If you have a young family

An insurance policy isn’t something you buy to protect yourself – it’s something you buy to protect the people who depend on you. With a young family, it’s easy to justify avoiding buying insurance or delaying investment planning because you are putting your money toward immediate needs. However, insurance premiums are typically cheaper when you purchase at a younger age, so it’s the best time to protect your family’s future.

Life Insurance

Go to sleep at night knowing that if anything happens to you, your standard of living will be protected for your partner and/or children. A life insurance policy will cover any debts, lease contracts or funeral expenses, and it leaves money to your loved ones so they are protected.


There are two kinds of life insurance: Term and Permanent.


Term life insurance covers you for a set period of time and pays out a tax-free, lump-sum death benefit to your beneficiaries if you pass away during that time. Term life insurance policies are cheaper than purchasing permanent life insurance, making it a smart option for young families with limited budgets.
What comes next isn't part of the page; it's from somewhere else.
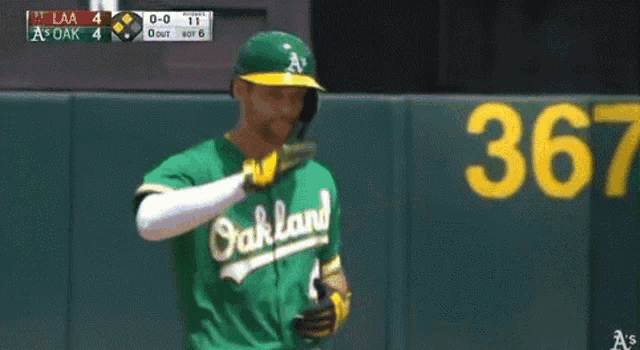 a baseball player for the oakland a's looks at his phone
Permanent life insurance is more expensive than term life insurance, but even a small amount can make a big impact. If you plan on having considerable assets, leaving charitable donations, completing succession planning, or paying off capital gain taxes, this will be the best choice for you. Permanent life insurance can also be used as a tax-sheltered savings account that you can draw from as the cash value increases. Start now to generate a significant value that you can use as a down payment on a house or as collateral for a loan.

Disability Insurance

Arthritis and musculoskeletal issues like back pain are two of the most common reasons hard-working people suddenly cannot perform their normal job. Depression, diabetes, and complications from cancer or heart disease are also very common. Long-term health conditions that keep you from your job are considered disabilities.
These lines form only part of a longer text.